より早期に診断を受けることで、治療の選択肢も広がります。

検査の流れ 3つのSTEP(例)

[STEP1]認知症の「進行具合」や「原因」を調べます。MCI~軽度のアルツハイマー型認知症と判断される場合、[STEP2]に進みます。中等度以上のアルツハイマー型認知症の場合は、症状を緩和するお薬の検討などを行います。認知症以外の疾患、アルツハイマー型以外の認知症の場合は、その診断・治療に進みます。
[STEP2]抗アミロイドβ抗体薬による治療について、ご本人・ご家族の希望を確認します。希望する場合、[STEP3]に進みます。希望しない場合は、症状を緩和するお薬の検討などを行います。
[STEP3]脳にアミロイドβがたまっているか検査します。陽性の場合、アルツハイマー病の可能性が高いため、抗アミロイドβ抗体薬による治療が可能です。陰性の場合、アルツハイマー病以外の疾患の疑いがあり、その診断・治療に進みます。

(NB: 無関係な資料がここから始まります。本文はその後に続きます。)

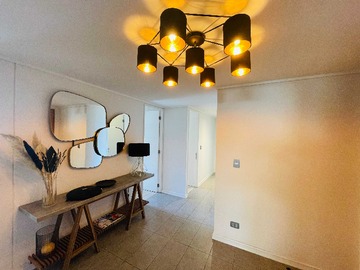 Venta / Departamento / Las Condes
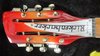 Rickenbacker 620/12 , Fireglo: Headstock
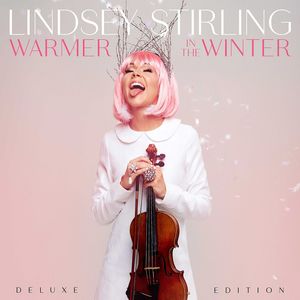 Warmer In The Winter , Lindsey Stirling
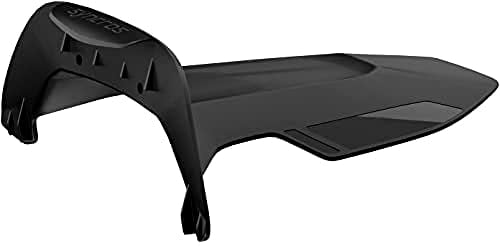 Syncros Unisex – Erwachsene 265596 Fahrrad, Schwarz, 1size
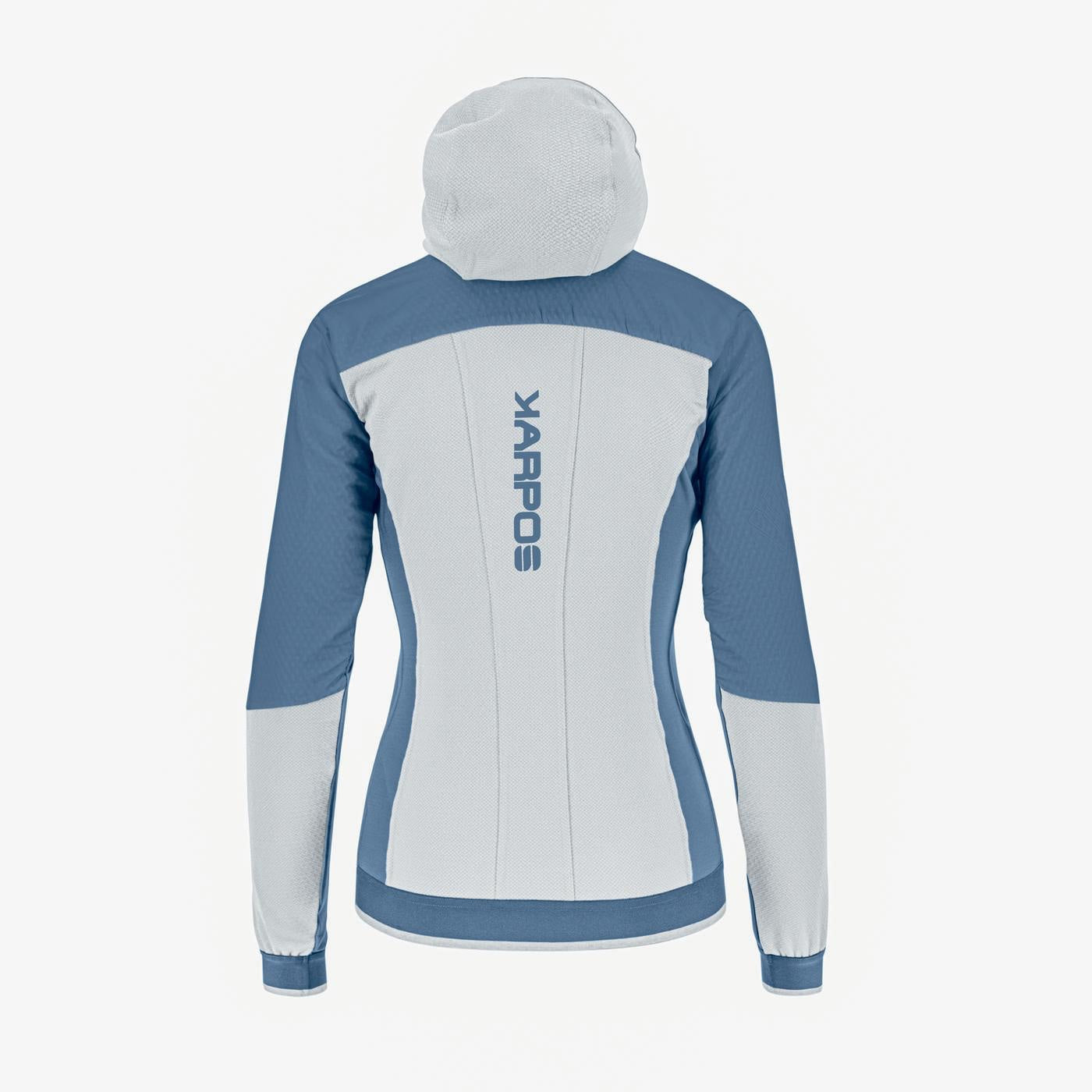 VESTE ALAGNA PLUS EVO W BLANC ÉCLATANT/LAC PRINTEMPS | 2501016-034 2026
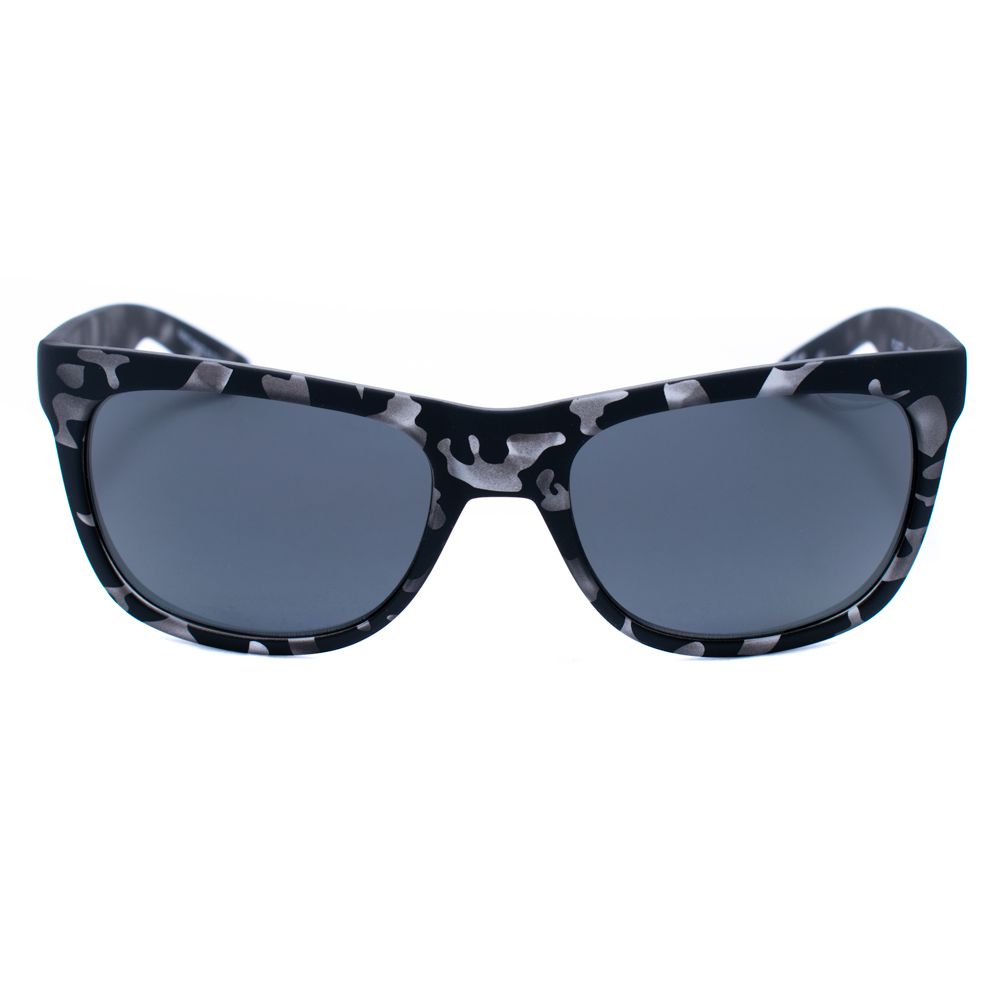 Gray Acetate Sunglasses - ventzia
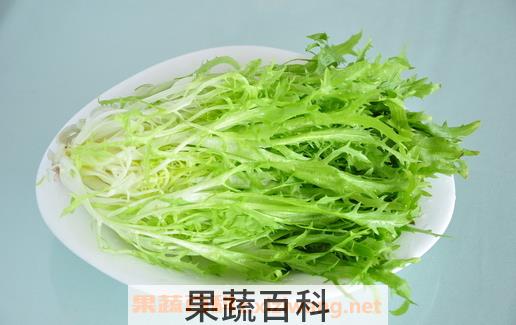 苦苣菜怎么吃 苦苣菜如何凉拌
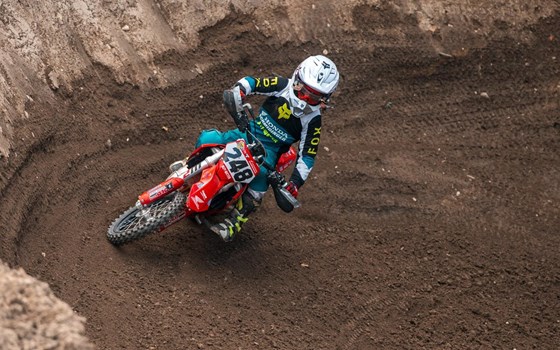 Saisonstart 2025: Drei Generationen. Ein Ziel. Vollgas! - Bild 5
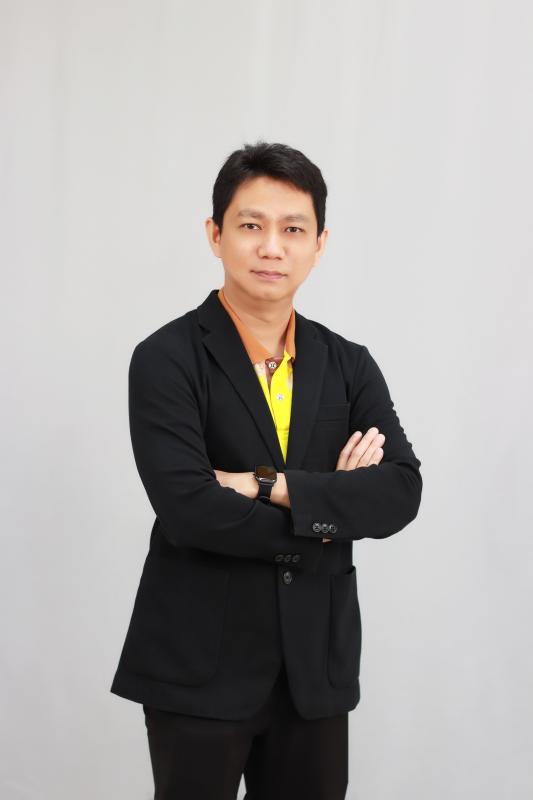 ผู้ช่วยศาสตราจารย์ ดร. วีรศักดิ์ จอมกิติชัย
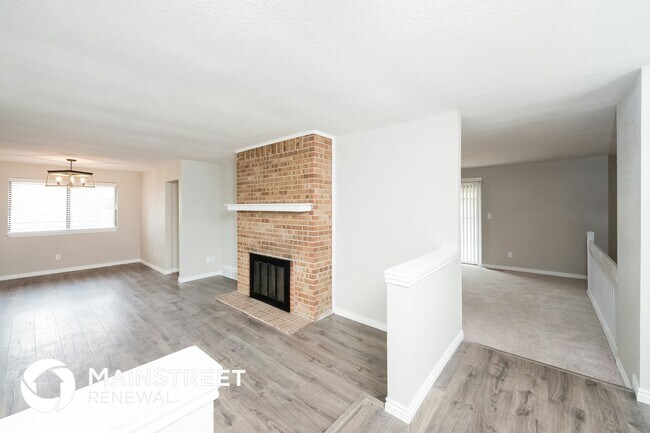 12892 Clermont St in Thornton, CO - Building Photo - Building Photo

日本神経学会(監修): 認知症疾患診療ガイドライン2017 医学書院 2017; 36-37, 210-212を参考に作成

2種類の検査のいずれか1つを実施します。

アミロイドPET検査脳脊髄液検査(CSF)

アミロイドPET検査

脳内のアミロイドβ蓄積の有無や程度を調べる検査です。

アミロイドβと結合する性質をもった放射性物質を含む薬*を注射し、画像化することで蓄積の程度を調べます。

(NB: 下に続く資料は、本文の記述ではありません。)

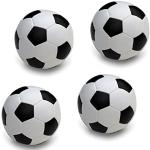 Palloni neri da calcio 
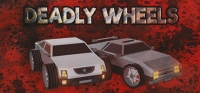 Deadly Wheels Box Art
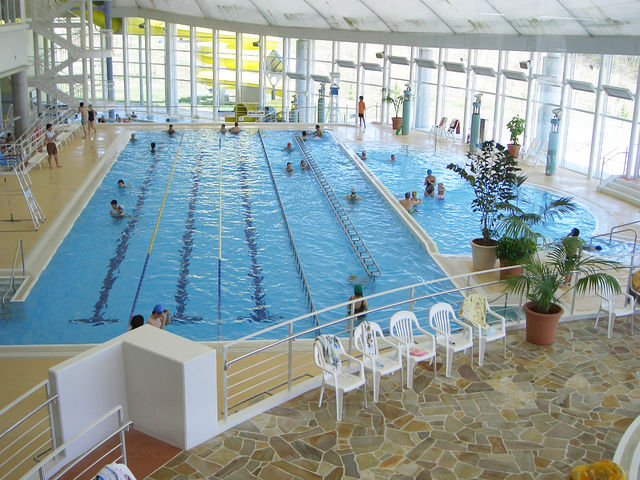 やくらいウォーターパーク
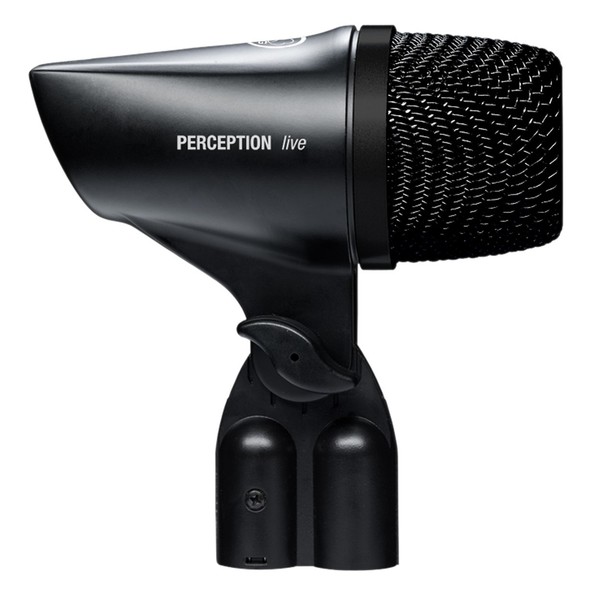AKG P2 Bass Mic - Side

*:放射性物質を含む薬を用いますが、被ばく量はCT検査と同じくらいです。

CTやMRIで画像を撮影して、脳内のアミロイドβ蓄積を検査します。脳のアミロイドβの蓄積の程度を調べるアミロイドPET検査の画像

1)大西章仁: 認知症の最新医療 2018; 8: 184-190 
2)Chapleau M, et al.: J Nucl Med. 2022; 63: 13S-19S

  1. 注射
    アミロイドPET用の薬を静脈に注射
  2. 待機
    薬が脳内に行き渡るまで安静にして待機(約30~130分
  3. 撮像
    約10~30分
  4. *施設ごと、また、使用する薬により時間はことなります。

脳脊髄液検査(CSF)

脳脊髄液は、脳や脊髄とそれを包む硬膜の間にある体液で、脳や脊髄を衝撃などから守る役割をしています。
この脳脊髄液を抜き取ってアミロイドβを調べます。

脳脊髄液検査(CSF)によりアミロイドβを調べます。主に腰のあたりに針を刺して採取します。

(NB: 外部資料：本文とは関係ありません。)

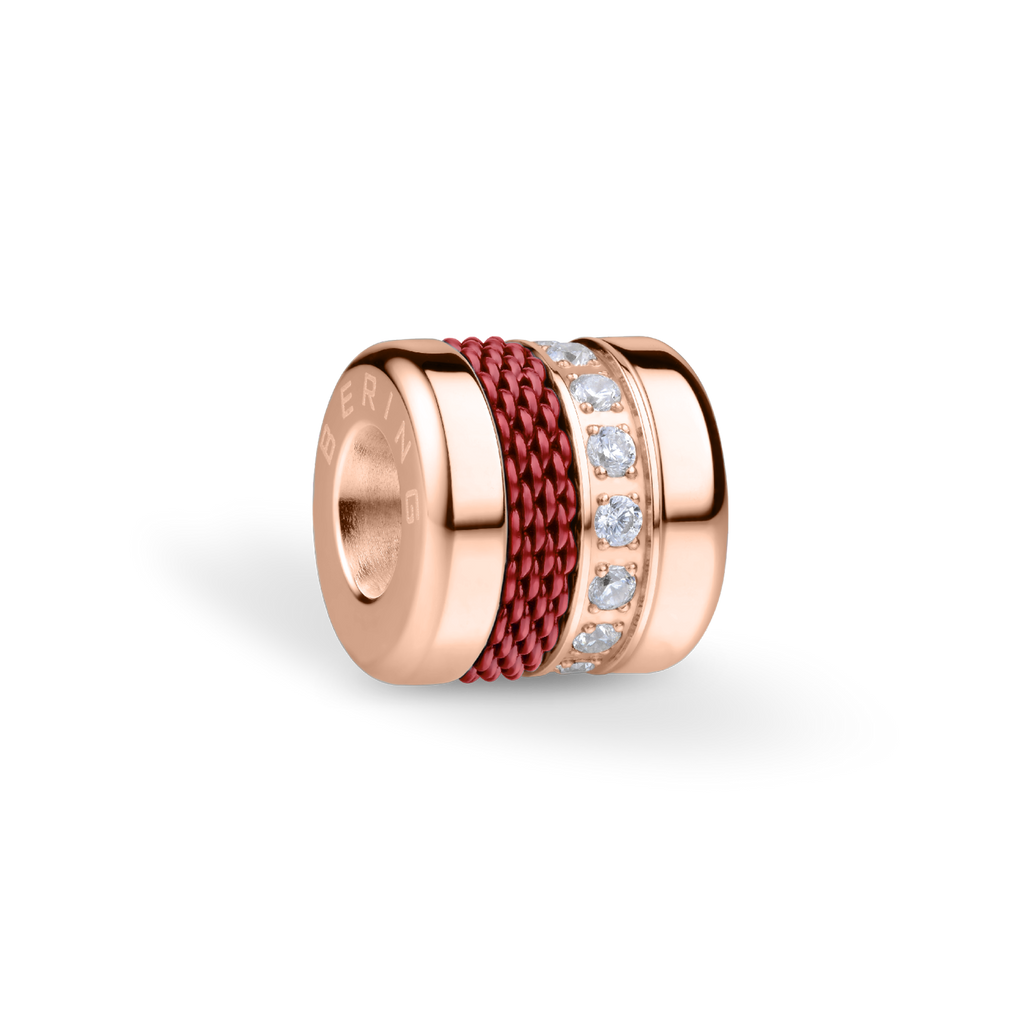 Bering Charm Arctic Symphony LOVE-9
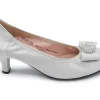 Le Babe 3047S – Silver Grigo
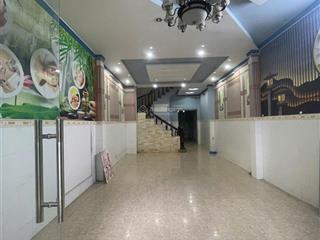 Sở hữu căn nhà đường song hành, quận 12 chỉ với 4 tỷ 500tr/ dt 52m2/ sổ riêng sang tên ngay/ hxh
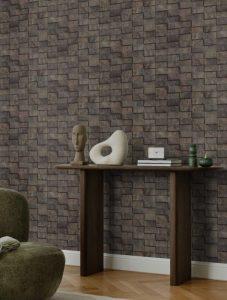 Ambiente Papel Pintado Materials 2028 Moderno Clasico 031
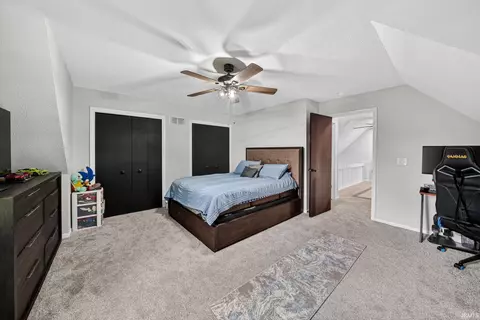 Bedroom - 51246 Shady Ln, Elkhart, IN 46514 photo 7 of 8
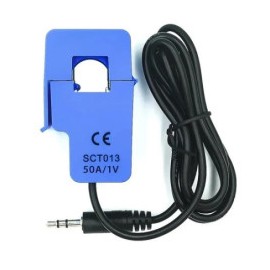 Sensor de corriente no...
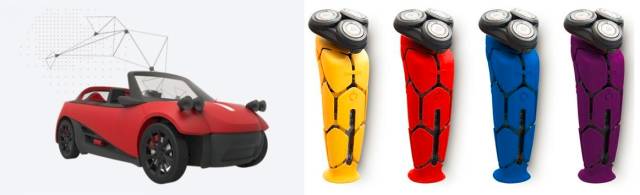 Analysis of 3D Printing Materials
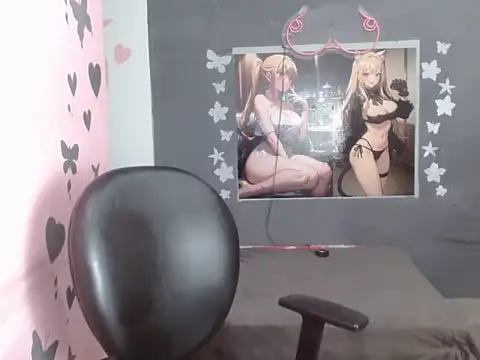Tiffany_starr webcam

この辺りに刺します※ 施設によっては座って行う場合もあります。

  1. 検査前
    横向きで寝て、背中をできるだけ丸める(座って検査の場合もあり)
  2. 局所麻酔
    消毒・麻酔
  3. 脳脊髄液の採取
    背中から針を刺し、髄液を採取
  4. *頭痛などがあらわれることがあります。